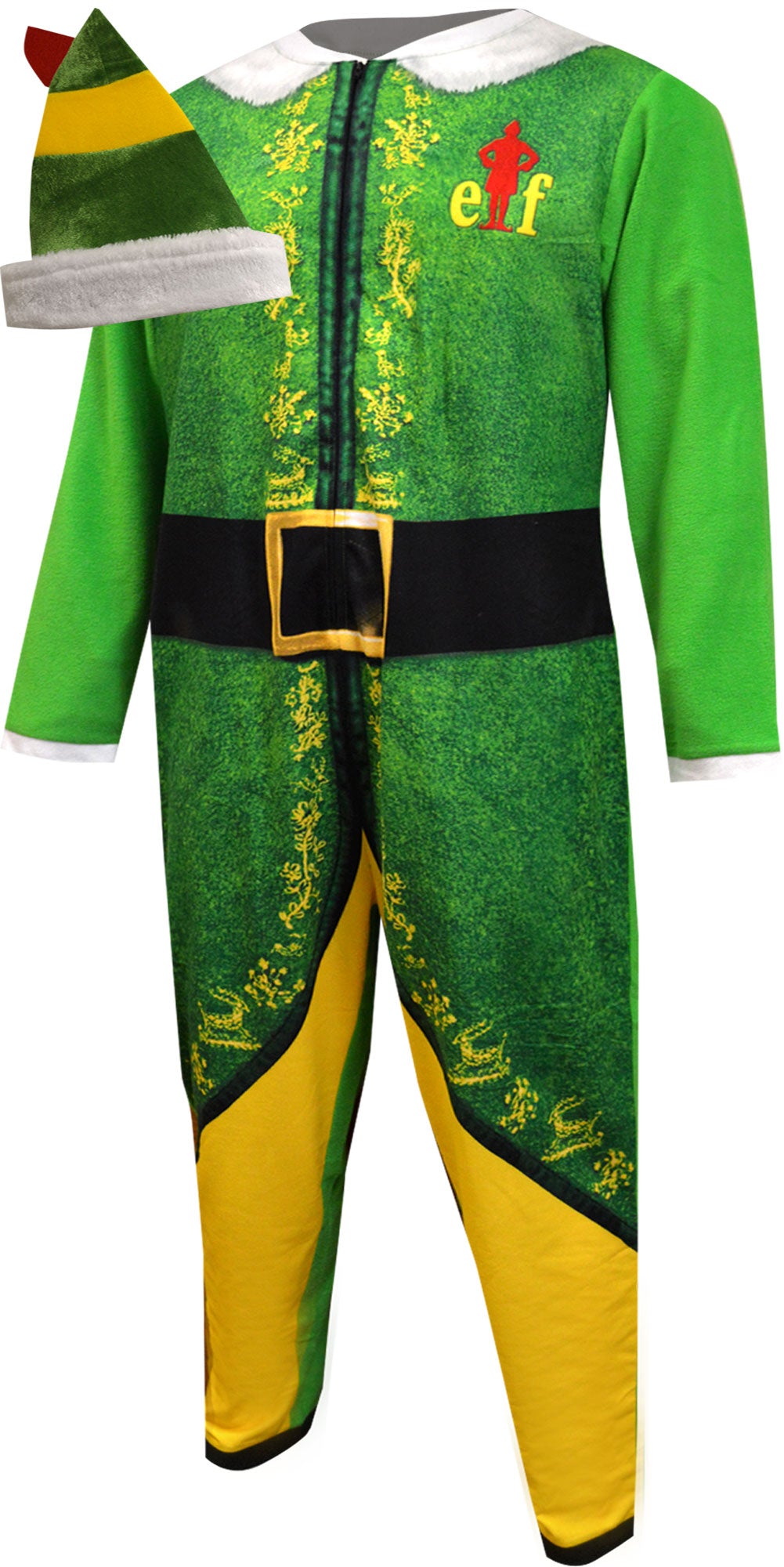 Buddy the Elf Look Like Buddy Onesie Pajama with Hat –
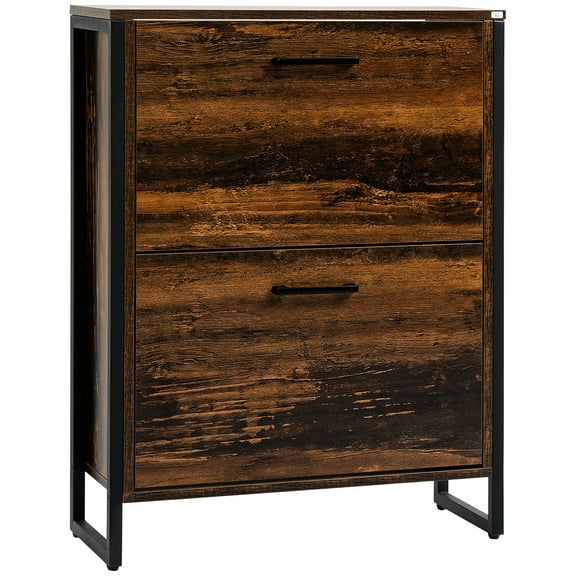 Industrial Shoe Storage , Rustic Brown - 12 Pairs Cabinet With 2 Flip Doors & Tabletop For Hallway, Slim Entryway Rack, Drawers, Space Efficient Design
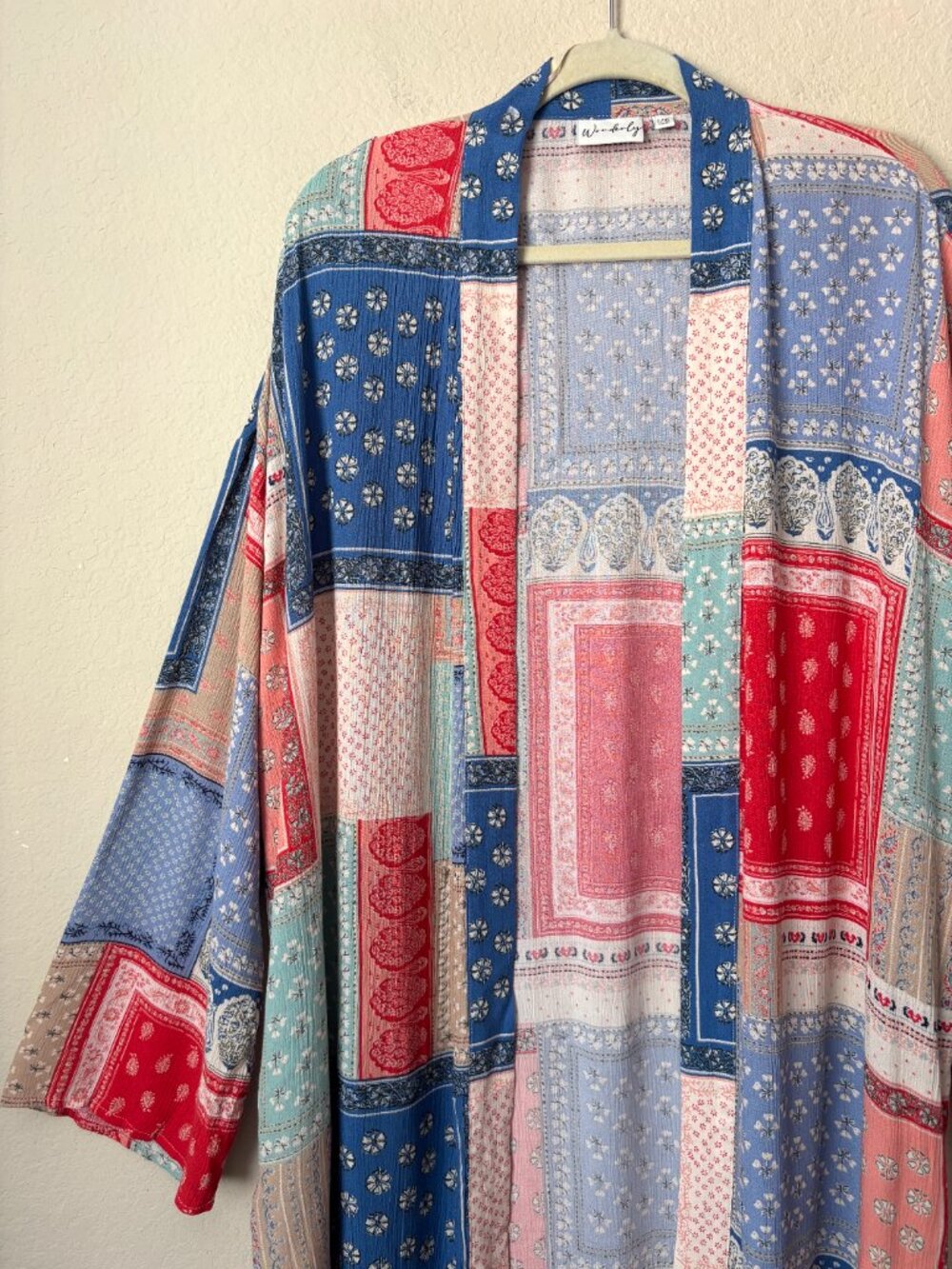Wonderly L/XL Boho Patchwork Printed Longline Open Front Kimono Duster - Picture 3 of 10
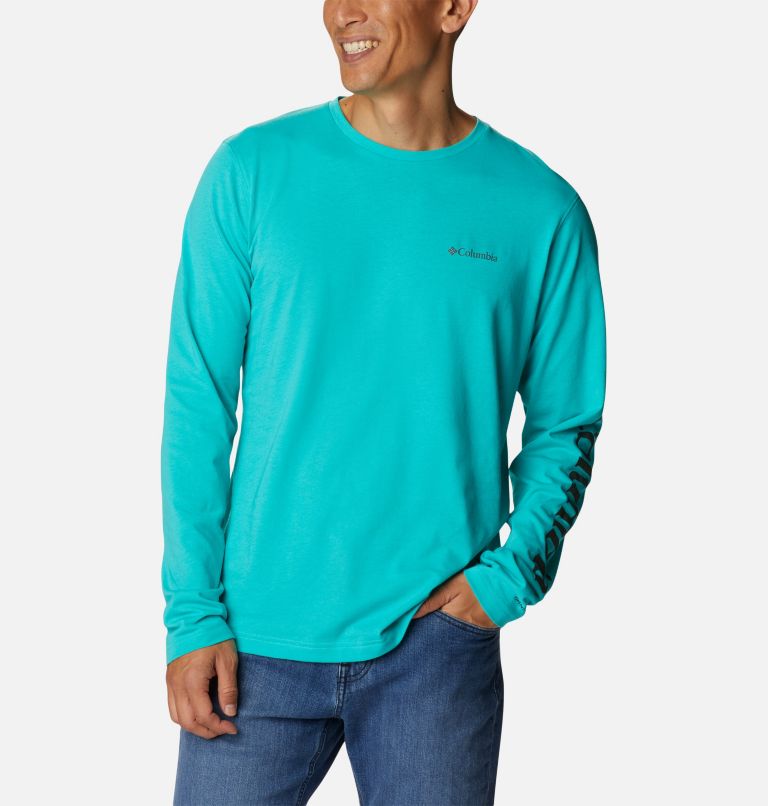Men's Thistletown Hills Long Sleeve Logo T-Shirt, Color: Bright Aqua, image 5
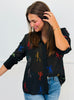 Queen Of Sparkles Black Rhinestone Skeleton Sheer Button Up Top (Reg. and Plus)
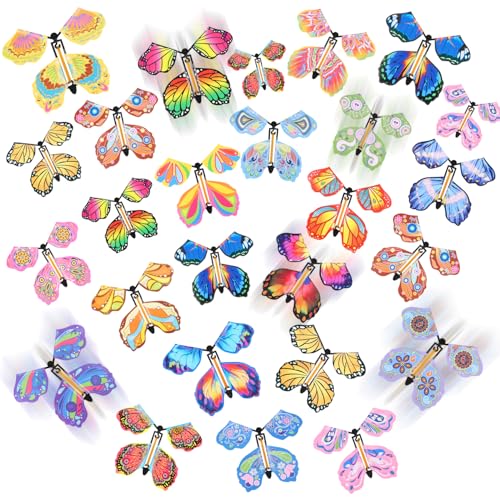 Image of LOMIMOS 40PCS Magic Flying Butterflies, Wind Up Butterfly Gift Fairy Flying Toy for Kids Surprise Explosion Box Wedding Birthday Party Book Greeting Card(20 Styles)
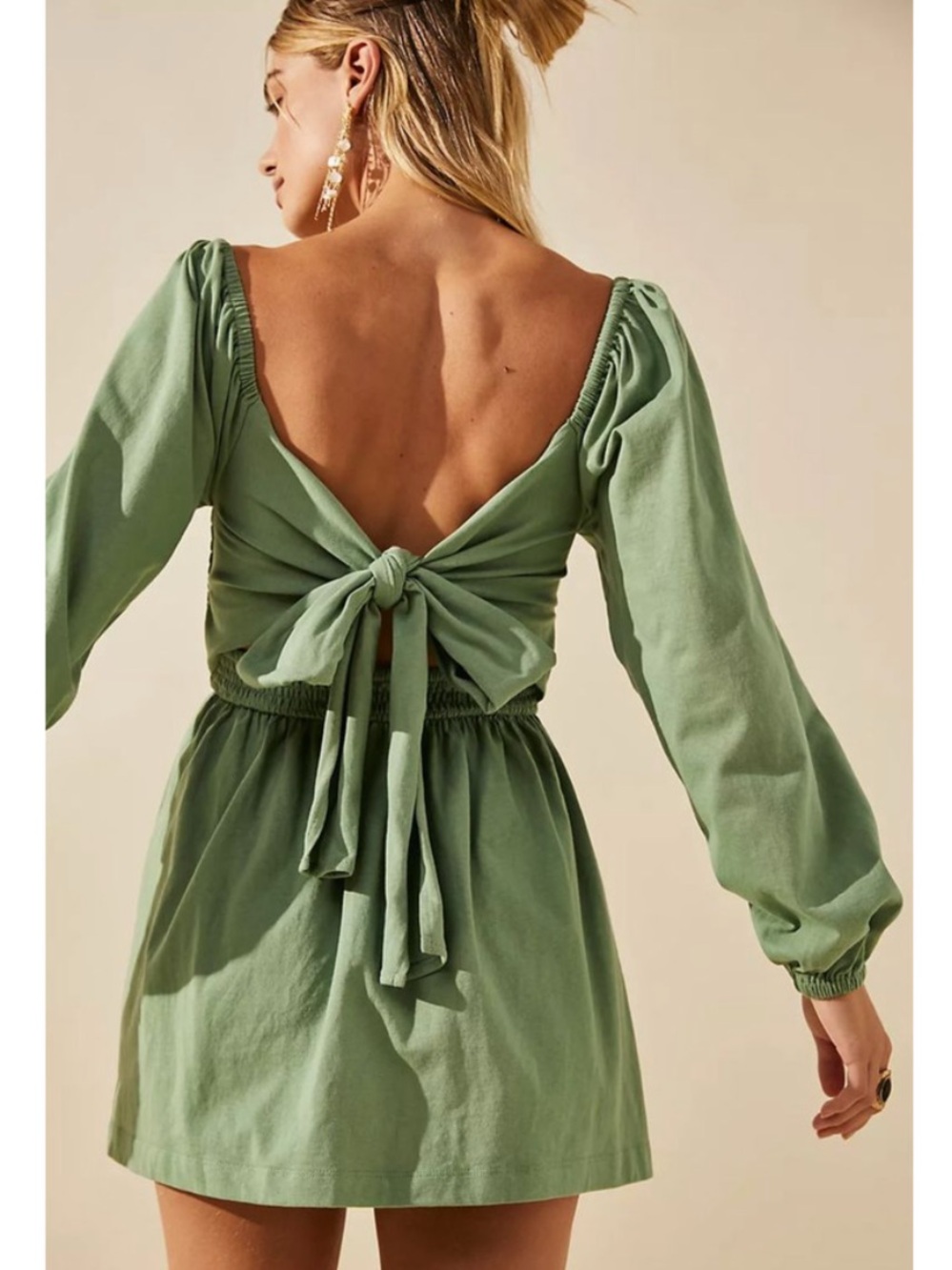 Free People/ FP Beach Colette Convertible Smocked Mini Dress Green Cotton M - Picture 3 of 11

● ● ●

> **What you have to do**
Give back, exactly as written, the lines from the top of the material above to the line containing "Queen Of Sparkles", both included; skip every picture.

> **Exercise answer**
 Buddy the Elf Look Like Buddy Onesie Pajama with Hat –
 Industrial Shoe Storage , Rustic Brown - 12 Pairs Cabinet With 2 Flip Doors & Tabletop For Hallway, Slim Entryway Rack, Drawers, Space Efficient Design
Wonderly L/XL Boho Patchwork Printed Longline Open Front Kimono Duster - Picture 3 of 10
Men's Thistletown Hills Long Sleeve Logo T-Shirt, Color: Bright Aqua, image 5
 Queen Of Sparkles Black Rhinestone Skeleton Sheer Button Up Top (Reg. and Plus)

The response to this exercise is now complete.